There were questions about funding for open source projects, opt-in and opt-out concepts, lots of talk about monetization of open source projects, people asked about Digium developing internal monitoring tools so all the usage details can be accumulated from all Asterisk versions if its in core code. We’d like to hear your input and ideas there. We do not have any projects that address this concept as we are sticking with open source as “open” and not requiring data collection from the user. Our Commercial business allows us track users from subscription registrations. Let us know what you think about this very sensitive topic!

Change is in the Air

beelinebill September 27th, 2007

Today Digium announces that Switchvox has become part of the Digium family. This is a group of talented people whose mission in life is to change the world by making things that simply work. In their past lives, the founders developed small systems that were self-contained and each time they progressively improved their vision. With their Switchvox IP PBX technology to deliver VoIP and hybrid solutions to small and medium businesses, they accomplished just that. Their asterisk-based IP PBX software simply works. It’s GUI is second to none to run an office phone system. It’s Web 2.0 Mashups are simply elegant, informational, and cool. The people are terrific and they are welcomed into Digium.

Today at Astricon will be an event of large proportion in the Asterisk open source community. For the first time, we will unveil the Digium Switchvox software in our booth. Users will see this simplicity, already installed and used in some 1400 installations with over 65,000 connected IP and analog phones. The personalities of the creators of this user-friendly software based on Asterisk are integrated into this offering and each release becomes easier to use for more people and businesses - driving Asterisk-based solutions into the mass market.

Digium and Switchvox executives will talk to attendees and community members today and answer any questions as best we can on the first day of an announcement. More details will be unveiled over the coming months. Some Bloggers who were briefed have already posted their first stories. Some posters are much more professional than others. I’ve seen the initial posts from people who were briefed earlier in the day and people who were in the right place at the right time at Astricon later last night after the Digium-Switchvox team had a joint signing celebration. Like software based on Asterisk, the blogs vary from easy on the eyes to read and understand to not so easy to understand or even comprehend what angle the writer was trying to take. Switchvox software based on Asterisk is clearly superior and easily accomplishes the workhorse tasks of a phone system in easy to read and understand graphical formats integrated with the web.

Other Asterisk-based software has lots of stuff and can do lots of what Asterisk can do, which is “immense” as described last night but is not elegantly presented or easy to use.

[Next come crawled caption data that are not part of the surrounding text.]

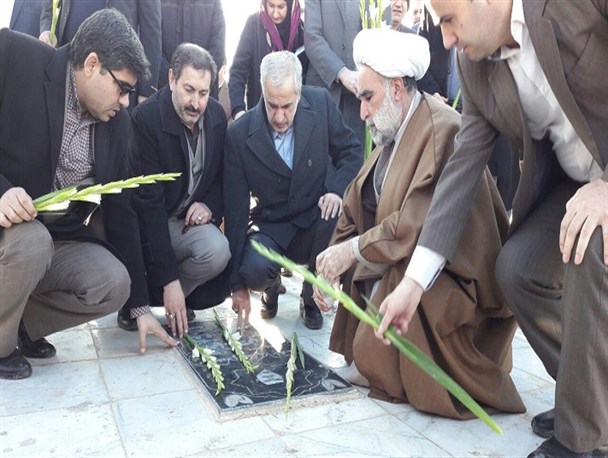 حضور استاندار خراسان شمالی در گلزار شهدای شیروان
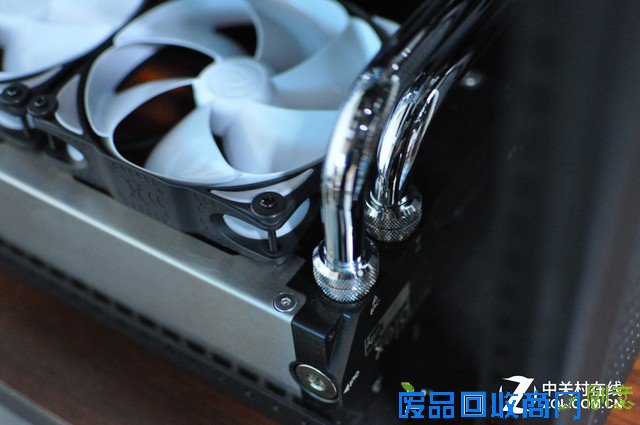 「Z玩主」硬派金属风格 天价信仰神机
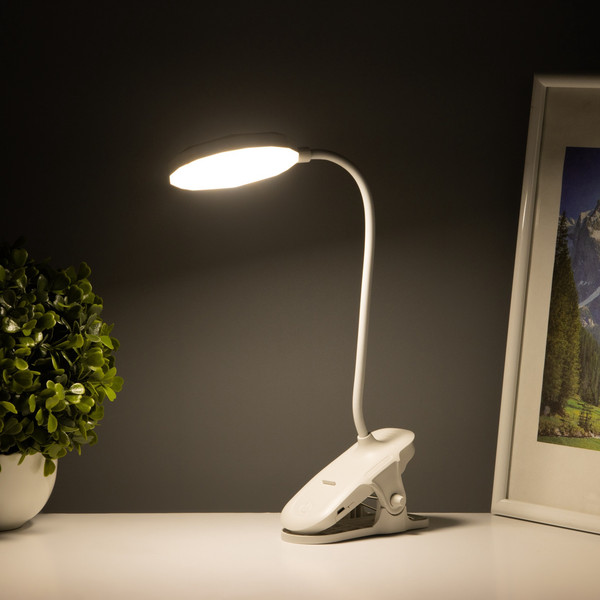 Изображение товара Настольная лампа Risalux Грань / 10689402 (белый)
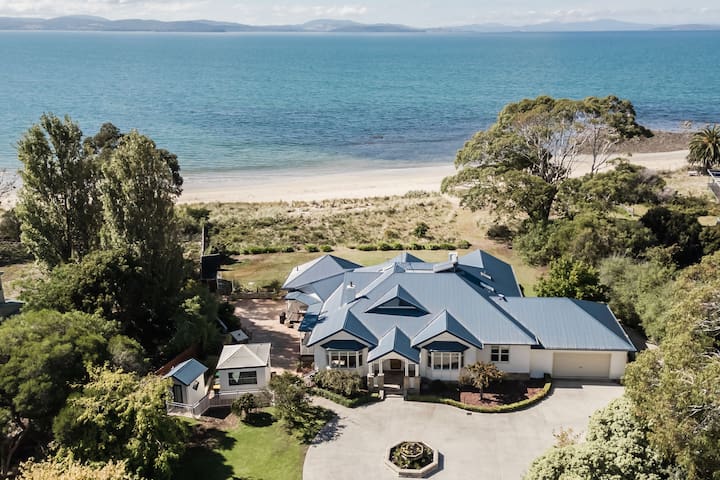 DUNE – Absolute Beachfront Luxury Estate with Spa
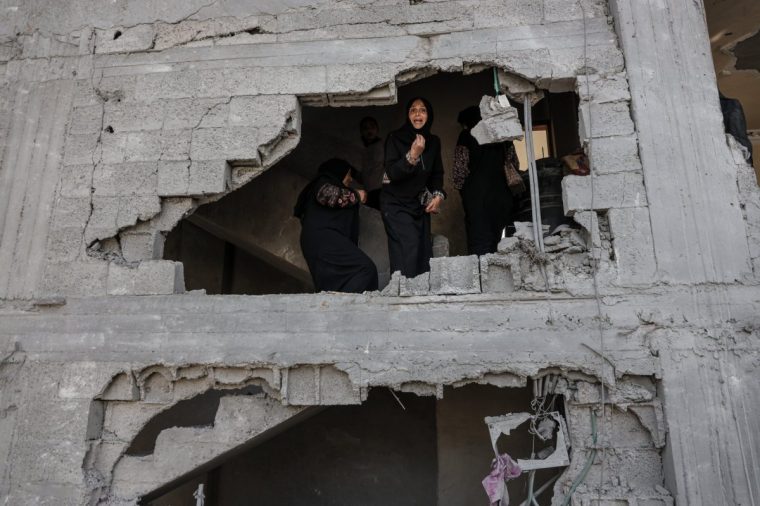 GAZA CITY, GAZA - MAY 14: Palestinians carry out search and rescue work among rubbles following the Israeli attack on a house belonging to the Najjar family in Jabalia region of Gaza City, Gaza on May 14, 2025. (Photo by Abdalhkem Abu Riash/Anadolu via Getty Images)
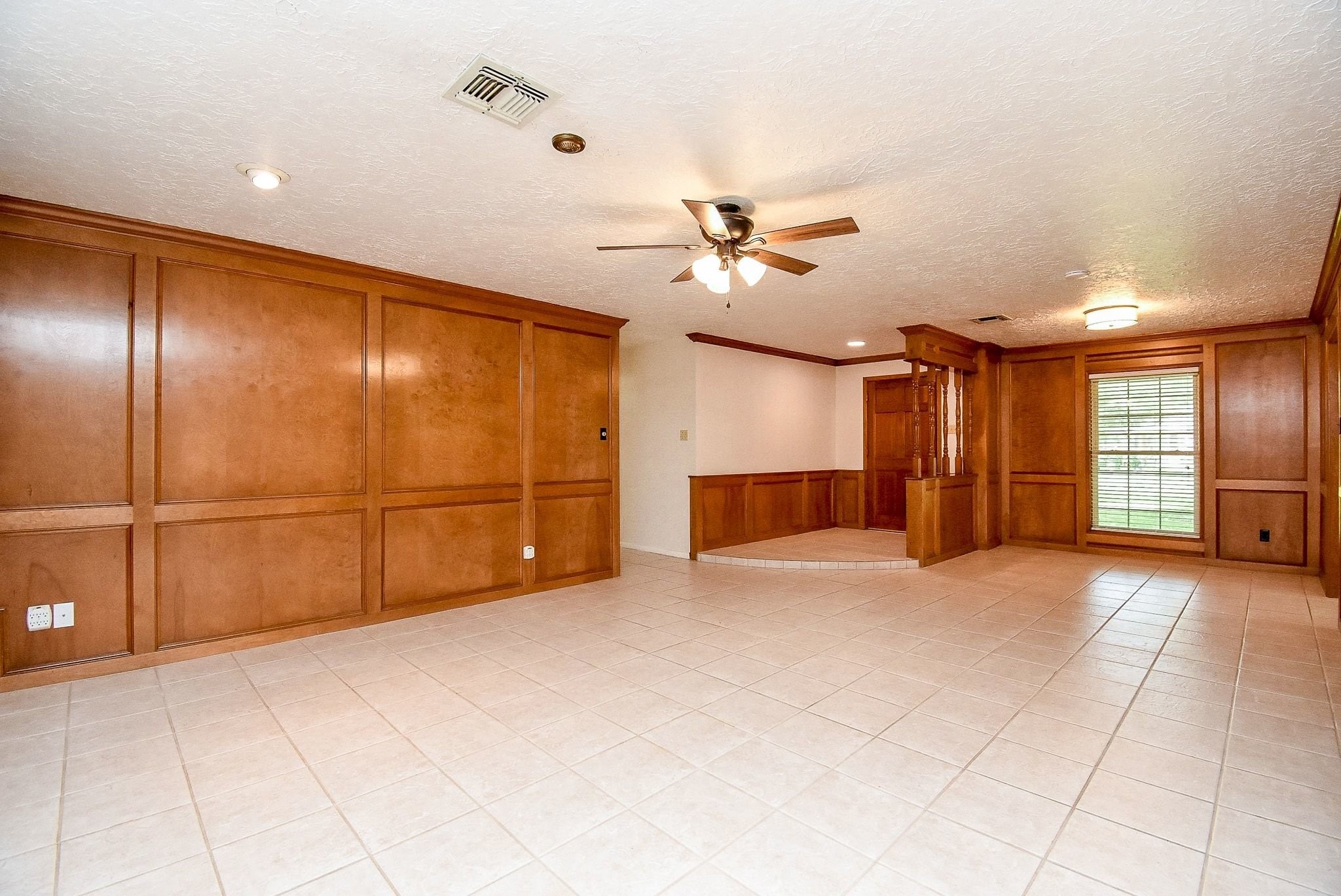 2719 Vail Road Rosenberg, TX 77471 - Photo 9 of 36 a view of an empty room with a window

So read the blogs and the articles. After days of briefing press and analysts, you will read upcoming articles that you personally can compare, to describe the writer’s personal felt impact of what Digium’s acquisition of Switchvox will have on the Asterisk Community, Switchvox customers and partners, and Digium’s customers and partners. You decide which writers are bizarre, which writers are aligned with competitors, which writers “get it” and which writers are aligned with Digium’s and Switchvox’s vision.

The open source community will gain from Digium’s move. Elements of Switchvox’s solution will be contributed back to the community over time. Digium’s success is always shared with the community by continued and increased investments in open source resources and events such as Astricon and Digium Asterisk World where users and prospects meet and learn more about how to use Asterisk, how to market Asterisk-based products, how to build dial plans that can turn the tables on a telemarketer, and on and on. Customers and prospects learn about more open source based choices.

Danny and Josh, the two respective CEOs will publish their thoughts here shortly, I am prefacing their post by telling you, “Woo hoo!!!!!!!!!” Get ready to Rock and Roll with Digium and Switchvox. When “best of breeds” get together, the results are “best of the best” so join us for the ride!